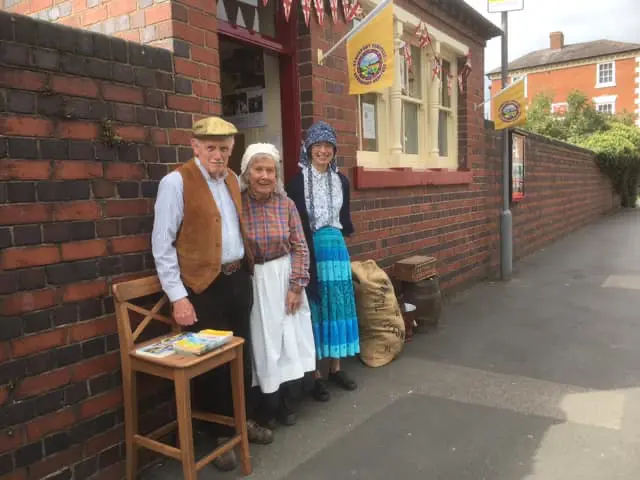 Volunteers in historical costume outside the Stourport Old Ticket Office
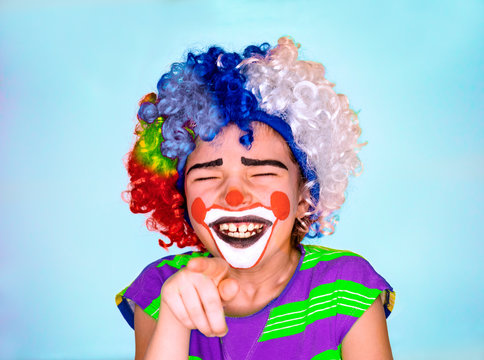 Handsome little boy Laughs and Points Finger. little cute boy with facepaint like clown, pantomimic expression. emotions. April Fool's Day, April 1
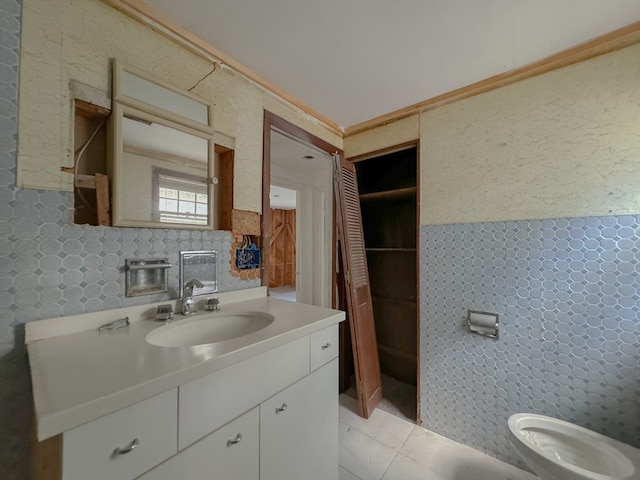 bathroom with tile walls, toilet, and vanity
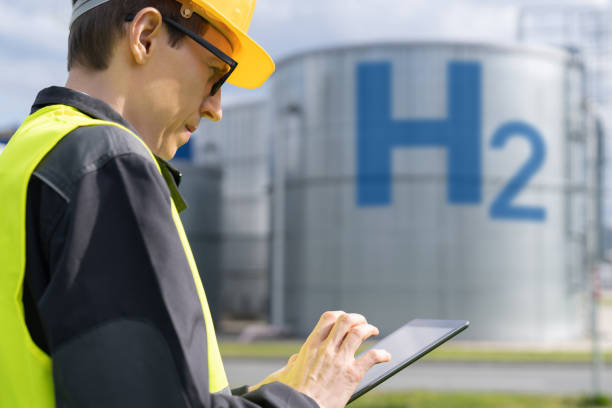 istock Engineer on a background of Hydrogen factory 1618616957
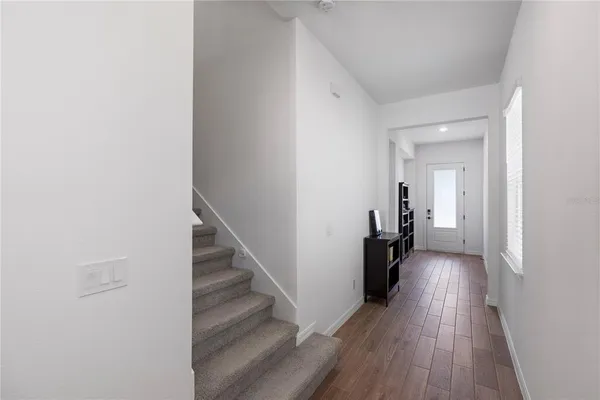 a view of a hallway with wooden floor and staircase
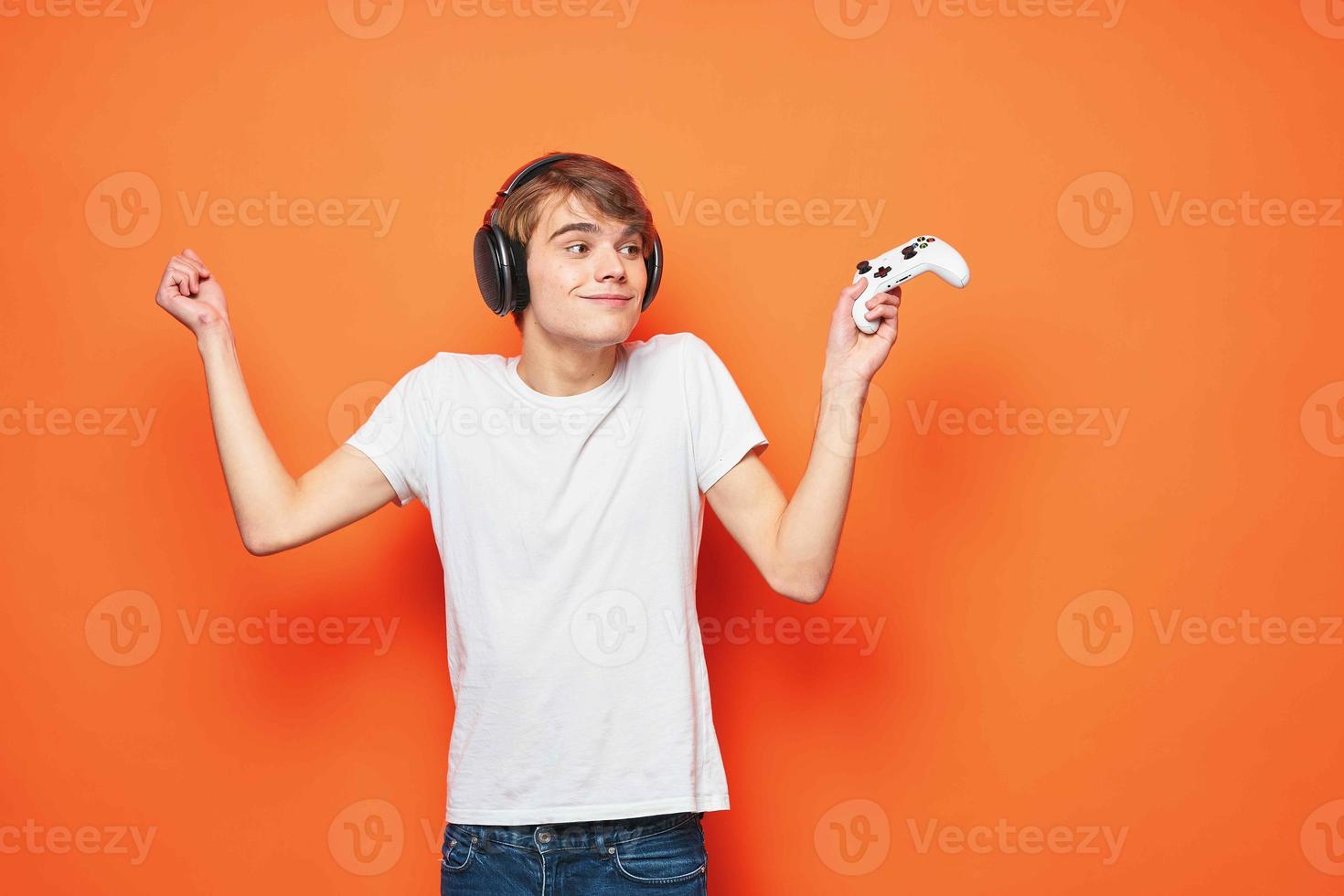 guy in a white t-shirt with a joystick in his hands entertainment games technology photo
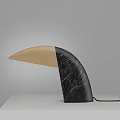 Modern Curved Table Lamp With Black Marble And Beige Accents On White Surface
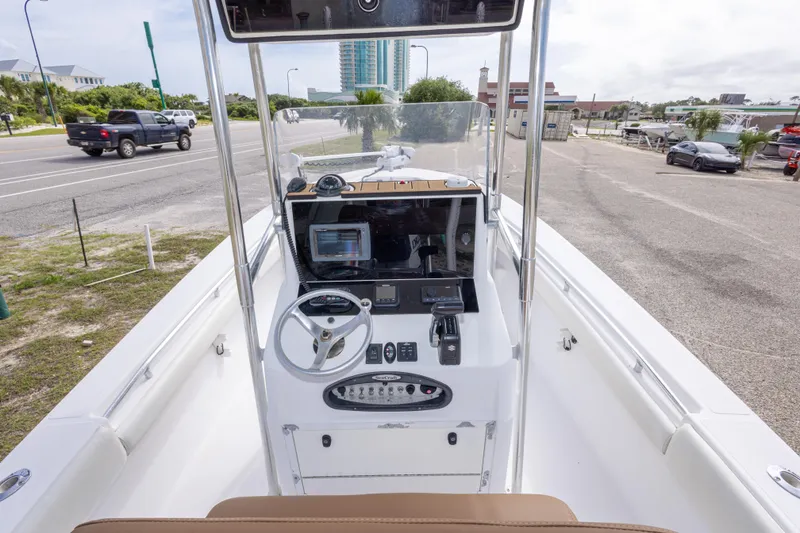Slide: The Image of 2004 Sea Craft 23 CC boat console with steering wheel and navigation equipment. - 20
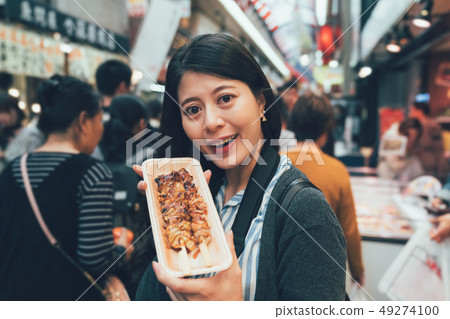 tourist smiling sharing delicious yakitori 49274100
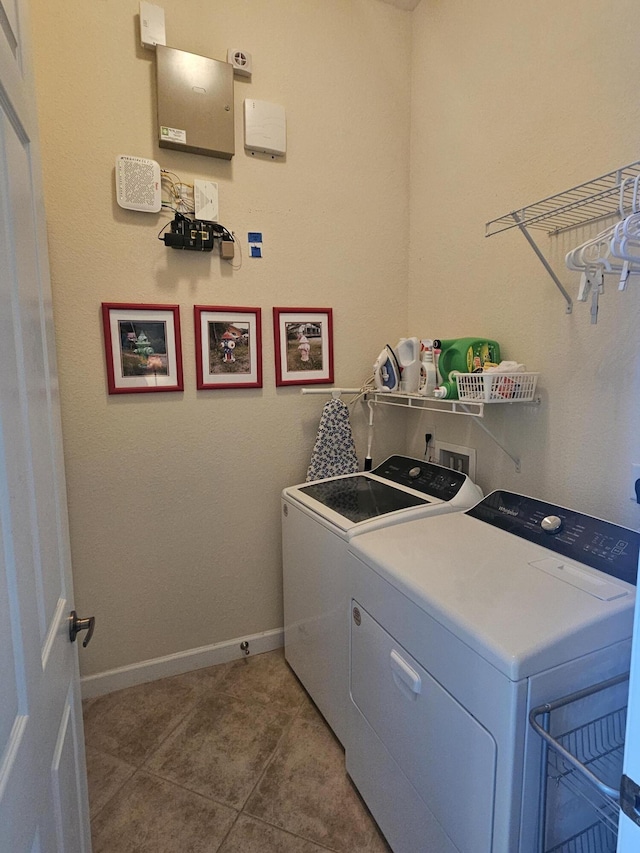 411 NW Stratford Ln, Port Saint Lucie, FL 34983 - laundry area with washing machine and clothes dryer, baseboards, and light tile patterned floors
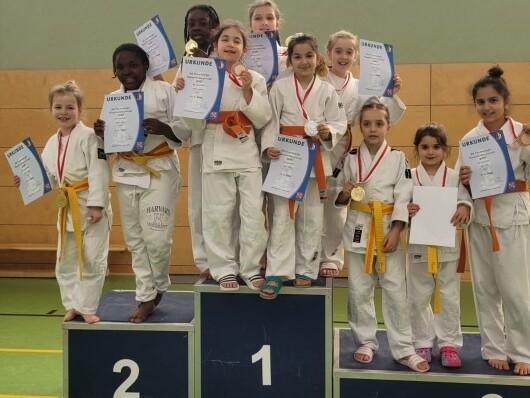 Gruppenzusammenhalt von Mädchen in Judoanzügen, die stolz Urkunden und Medaillen auf einem Siegertreppchen zeigen.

What you will do ▸
Repeat the entries word for word and skip the pictures.

Completed exercise ▸
 Volunteers in historical costume outside the Stourport Old Ticket Office
 Handsome little boy Laughs and Points Finger. little cute boy with facepaint like clown, pantomimic expression. emotions. April Fool's Day, April 1
 bathroom with tile walls, toilet, and vanity
 istock Engineer on a background of Hydrogen factory 1618616957
 a view of a hallway with wooden floor and staircase
 guy in a white t-shirt with a joystick in his hands entertainment games technology photo
 Modern Curved Table Lamp With Black Marble And Beige Accents On White Surface
Slide: The Image of 2004 Sea Craft 23 CC boat console with steering wheel and navigation equipment. - 20
 tourist smiling sharing delicious yakitori 49274100
 411 NW Stratford Ln, Port Saint Lucie, FL 34983 - laundry area with washing machine and clothes dryer, baseboards, and light tile patterned floors
 Gruppenzusammenhalt von Mädchen in Judoanzügen, die stolz Urkunden und Medaillen auf einem Siegertreppchen zeigen.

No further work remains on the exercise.